Regarding the Lexile Framework for Reading:
As teachers, we must take care what we tell parents about lexile measures. Lexiles seem like an easy answer when choosing reading material, but these measures are a quantitative measure only and do not take into account text complexity, content, themes, literary quality, or whether or not the material is appropriate for the maturity and values of the child.
Lexiles are sometimes valuable for choosing guided reading and for specific reading instruction. For individual leisure reading, students should have the freedom to choose what they enjoy. If they love reading, their fluency and comprehension will improve with practice, and they won’t practice if they hate books. The data in To Read or Not to Read (2007) says that more people can read but don’t than people who can’t read at all.

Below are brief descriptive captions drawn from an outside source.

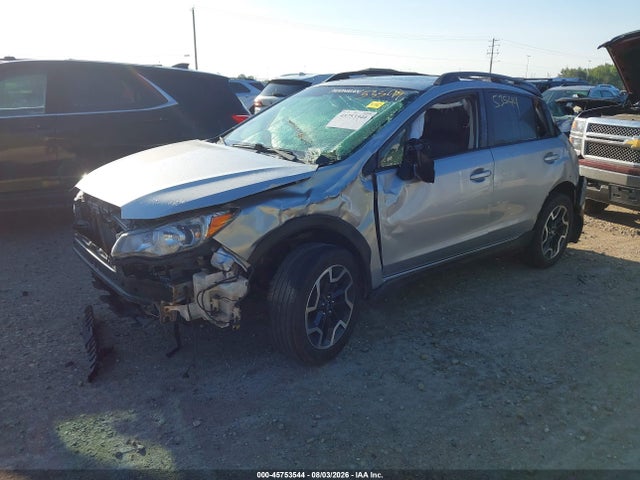 Aukcja sprzedaży 2017 Subaru Crosstrek 2.0i Limited, vin: JF2GPALC8HH241650, numer aukcji: 45753544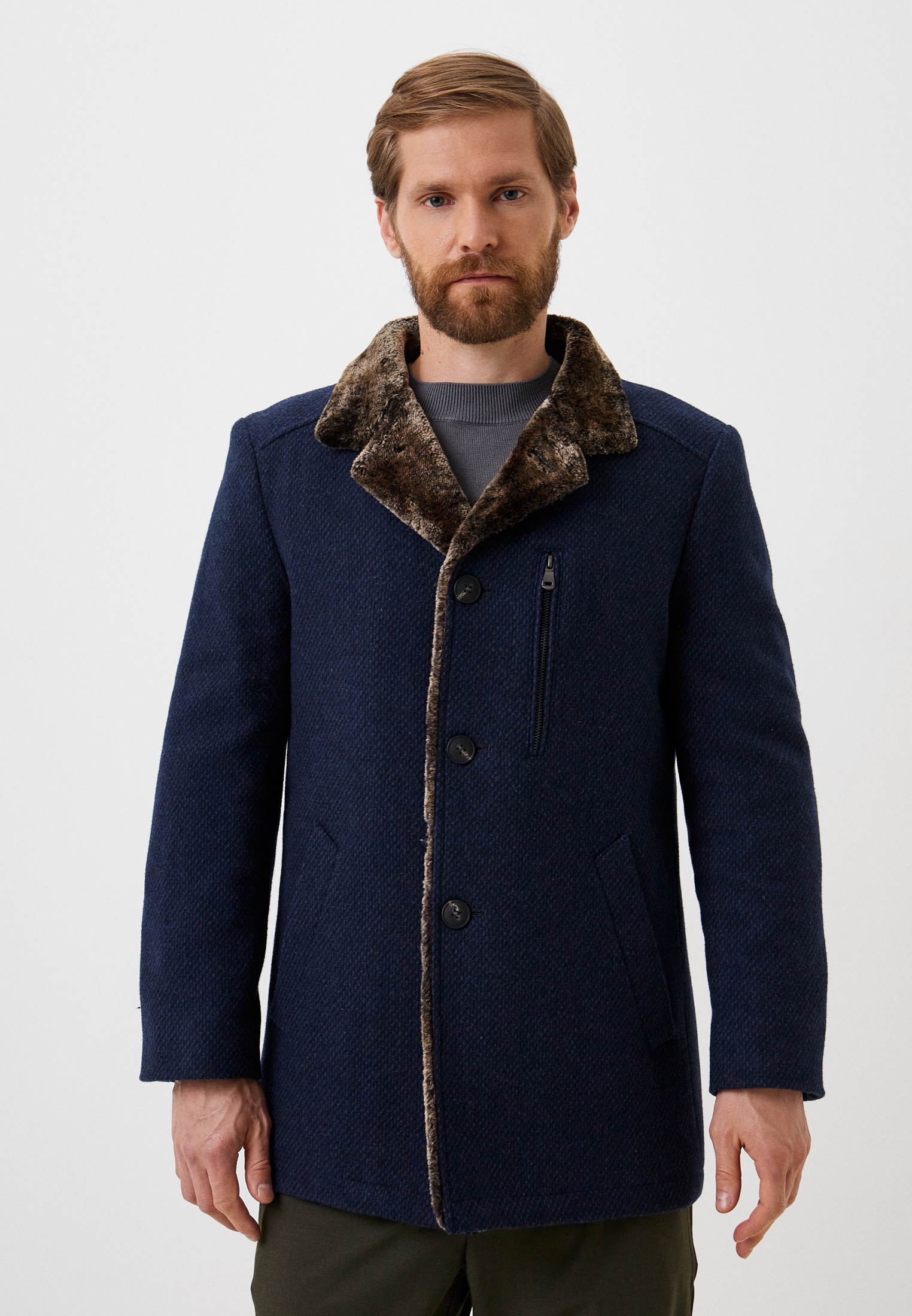 Мужские пальто Dtmd 949CESAR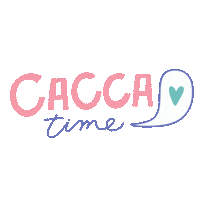 metodoflocco cacca metodoflocco gustalavita caccatime Sticker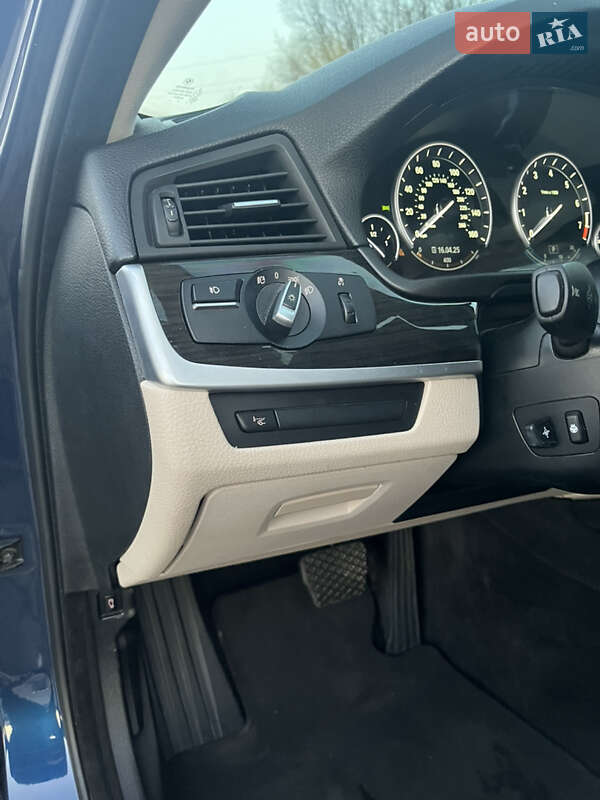 Седан BMW 5 Series 2012 в Львові фото 19 Седан BMW 5 Series 2012 в Львові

Stephen Krashen has made a career of studying reading research, and his conclusion is that it doesn’t matter what kids read as long as they do read. (Krashen. The Power of Reading. 2004)
A Complete Reader must be proficient in phonetics, fluency, comprehension, semantics, and syntax, yes, but the interest, attitude, motivation, and engagement must underlie the technicalities. (Mayne, 1915; cited in Igniting a Passion for Reading: Successful Strategies for Building Lifetime Readers by Steven Layne) “It should be the teacher’s aim to give every child a love of reading, a hunger for it that will stay with him through all the years of his life.”
Choosing books by lexile measures alone changes students’ priorities so the only thing that matters is the reading level. This cuts the soul right out of literacy and what it means to be a literate person.